Croatia competed at the 2004 Summer Olympics in Athens, Greece, from 13 to 29 August 2004. This was the nation's fourth consecutive appearance at the Summer Olympics since the post-Yugoslav era. The Croatian Olympic Committee (Hrvatski olimpijski odbor, HOO) sent the nation's smallest delegation to the Games since its debut in 1992. A total of 81 athletes, 66 men and 15 women, competed in 14 sports. Men's water polo, and men's handball were the only team-based sports in which Croatia had its representation in these Olympic Games.

The Croatian team featured three Olympic medalists from Sydney: rowers and brothers Nikša and Siniša Skelin, and four-time Olympian and defending weightlifting champion Nikolaj Pešalov in the men's lightweight class. Table tennis player and Olympic silver medalist Zoran Primorac became the first Croatian to participate in five Olympic Games as an individual athlete (his first appearance competed under the former Socialist Federal Republic of Yugoslavia). Former Bosnian athlete and discus thrower Dragan Mustapić served as the team captain and oldest member of the team at age 41, while backstroke swimmer Sanja Jovanović was youngest at age 17. Three-time Olympic water polo player and two-time medalist Dubravko Šimenc was appointed by the committee to become the nation's flag bearer in the opening ceremony.
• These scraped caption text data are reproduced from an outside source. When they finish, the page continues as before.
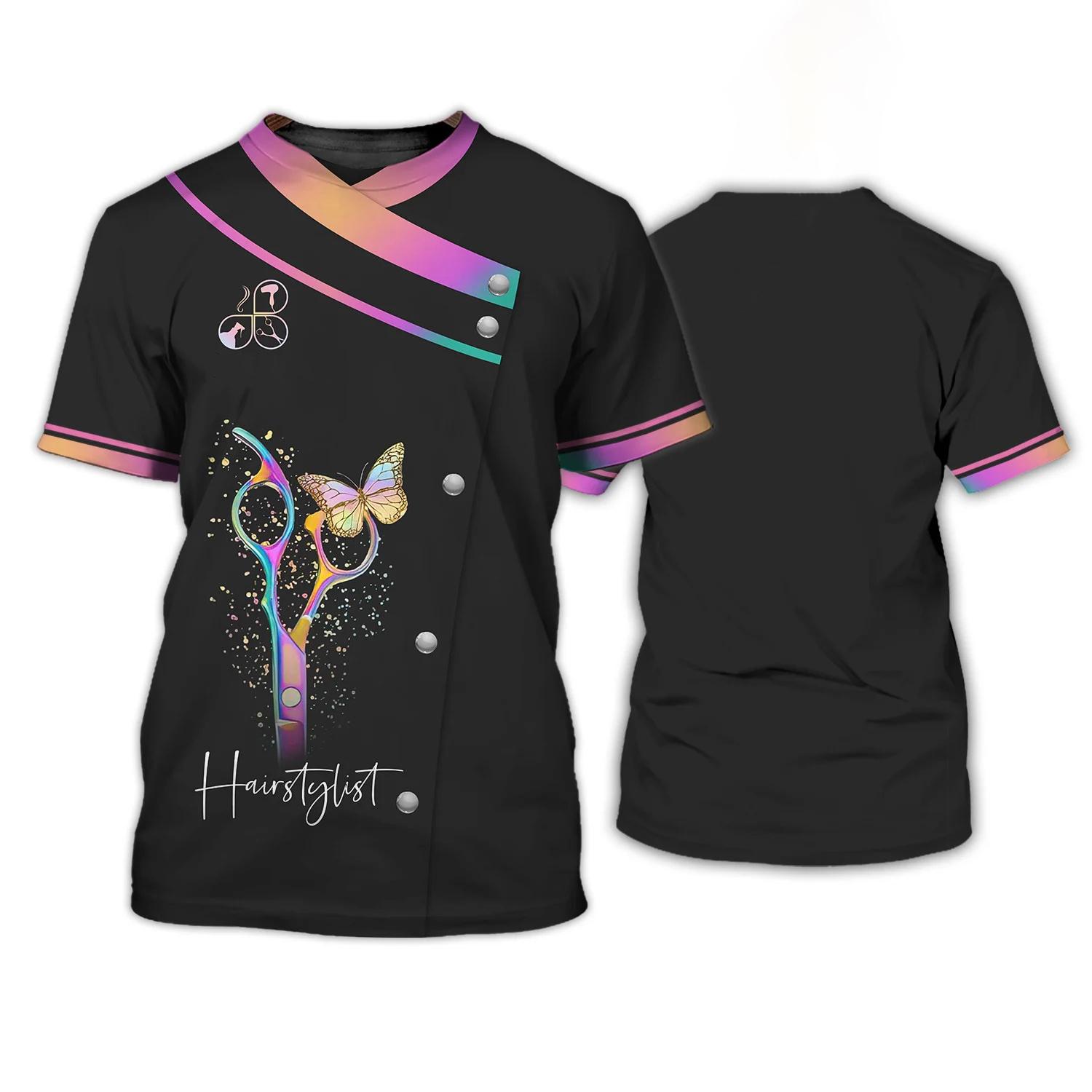 Женская футболка для парикмахерской, униформа для парикмахера, одежда в стиле Харадзюку, летние топы с круглым вырезом и короткими рукавами, женские дизайнерские футболки 4XL
Женская футболка для парикмахерской, униформа для парикмахера, одежда в стиле Харадзюку, летние топы с круглым вырезом и короткими рукавами, женские дизайнерские футболки 4XL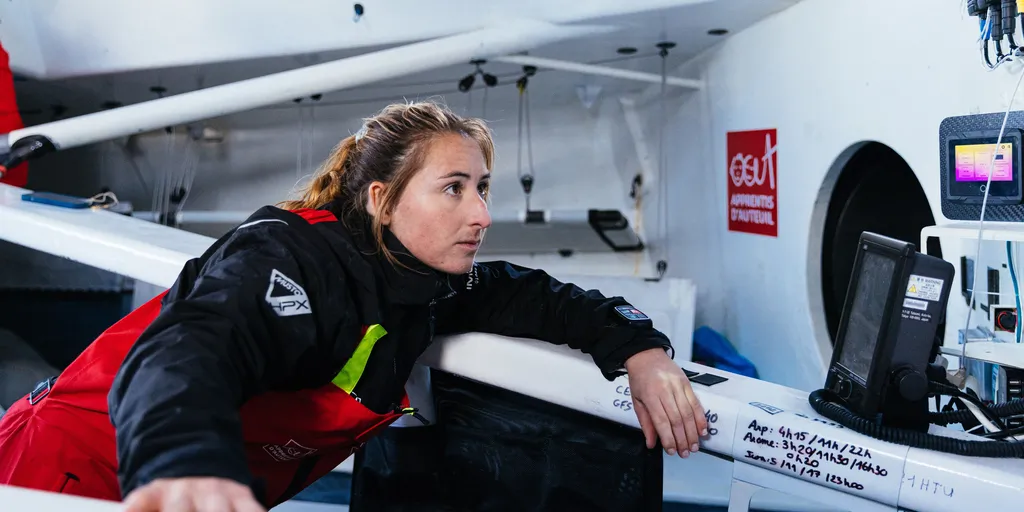 LORIENT, FRANCE - APRIL 16, 2024 : DeVenir skipper Violette Dorange (FRA) is pictured on April 16, 2024 in Lorient, France - Photo by Josselin Didou / Qaptur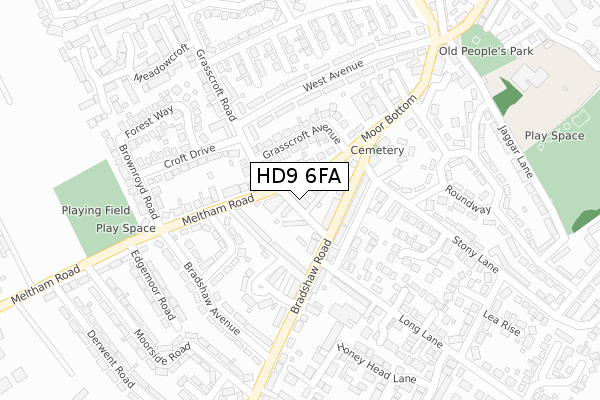 HD9 6FA map - large scale - OS Open Zoomstack (Ordnance Survey)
Croatia left Athens with a total of five medals (one gold, two silver, and two bronze), being considered as the nation's most successful Olympics in history based on the overall medal tally. All of these medals were awarded for the first time to the Croatian athletes in swimming, men's coxless pair in rowing, and men's tennis doubles. Meanwhile, Croatia men's handball team (led by team captain Venio Losert) proved particularly successful in Athens, as they beat the Germans for their only gold medal at these Games, adding it to their previous record from the 1996 Summer Olympics in Atlanta.

==Medalists==

| Medal | Name | Sport | Event | Date |
|---|---|---|---|---|
| Gold | Croatia men's national handball team Ivano Balić; Davor Dominiković; Mirza Džomba; Slavko Goluža; Nikša Kaleb; Blaženko Lacković; Venio Losert; Valter Matošević; Petar Metličić; Vlado Šola; Denis Špoljarić; Goran Šprem; Igor Vori; Drago Vuković; | Handball | Men's tournament | August 29 |
| Silver | Duje Draganja | Swimming | Men's 50 m freestyle | August 20 |
| Silver | Nikša Skelin Siniša Skelin | Rowing | Men's pair | August 21 |
| Bronze | Nikolaj Pešalov | Weightlifting | Men's 69 kg | August 18 |
| Bronze | Mario Ančić Ivan Ljubičić | Tennis | Men's doubles | August 21 |

==Athletics ==

Croatian athletes have so far achieved qualifying standards in the following athletics events (up to a maximum of 3 athletes in each event at the 'A' Standard, and 1 at the 'B' Standard).

- Men
- Track & road events

| Athlete | Event | Heat |  | Quarterfinal |  | Semifinal |  | Final |  |
| Result | Rank | Result | Rank | Result | Rank | Result | Rank |
| Jurica Grabušić | 110 m hurdles | 13.87 | 8 | Did not advance |  |  |  |  |  |
| Branko Zorko | 1500 m | 3:48.28 | 10 | — |  | Did not advance |  |  |  |

- Field events

| Athlete | Event | Qualification |  | Final |  |
| Distance | Position | Distance | Position |
| Siniša Ergotić | Long jump | 7.77 | 26 | Did not advance |  |
| Edis Elkasević | Shot put | 18.44 | 36 | Did not advance |  |
| András Haklits | Hammer throw | 74.43 | 21 | Did not advance |  |
| Nedžad Mulabegović | Shot put | 19.07 | 29 | Did not advance |  |
| Dragan Mustapić | Discus throw | 54.66 | 34 | Did not advance |  |
| Edi Ponoš | Javelin throw | 71.43 | 33 | Did not advance |  |

- Women
- Field events

| Athlete | Event | Qualification |  | Final |  |
| Distance | Position | Distance | Position |
| Vera Begić | Discus throw | 57.31 | 29 | Did not advance |  |
| Ivana Brkljačić | Hammer throw | 68.21 | 13 | Did not advance |  |
| Sanja Gavrilović | 56.79 | 45 | Did not advance |  |
| Blanka Vlašić | High jump | 1.95 | 7 Q | 1.89 | 11 |

==Boxing ==

Croatia sent two boxers to the 2004 Summer Olympics.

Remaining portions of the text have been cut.